One of the most challenging tasks you have as a warehouse manager is to create a workplace environment that is both positive and productive. But while it is certainly tough to execute, the payoff is substantial. Workplaces that support productivity and also demonstrate that they value their employees are far more likely to succeed.
So how do you create an environment that promotes both? It begins with you. If you’re not making an active effort to create such a workplace, who will? That’s why it’s important to ask yourself the following four questions, as they will provide you with the building blocks to make your warehouse a more positive and productive one.
1. Is my warehouse organized?
It’s an unfortunate reality that many warehouse managers undervalue the importance of creating an organized warehouse. “Organized” can certainly mean different things to different people, however, there are some general rules of thumb when it comes to ensuring that your warehouse organization is helping, not hindering your employees to do their work efficiently.
An easy way to figure out if your warehouse is organized is to think about how easy it is for employees to complete simple tasks.
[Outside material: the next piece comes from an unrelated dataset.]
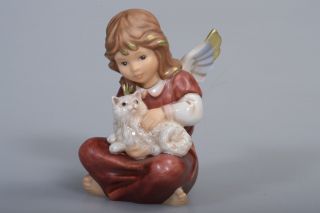 Goebel Engel Sitzend Mit Katze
For instance, are different zones in your warehouse easy to locate with clear signage? Do you use warehouse barcode labels on each item to assist your employees to locate products they are looking for more efficiently? Is there clear signage to indicate where each and every product is located?
These are just two examples of easy and inexpensive modifications that will make your warehouse significantly more organized. It’s the simple things, after all, that make a huge difference to employee productivity and happiness.
2. Is my warehouse laid out in a way that promotes productivity?
Your warehouse layout is one of the most critical decisions you can make as a warehouse manager. The layout of your warehouse, after all, can make it simple for employees to complete their job, or make it a burden.
Think about it – if the layout of your warehouse zones and the items stored in each zone don’t make logical sense, you’ll be creating a needless hassle for your employees. And the more hassle they have to deal with, the more discontent they’ll feel. That’s not to mention that an improvement to your layout will lead to greater efficiency, and therefore help your warehouse’s bottom line.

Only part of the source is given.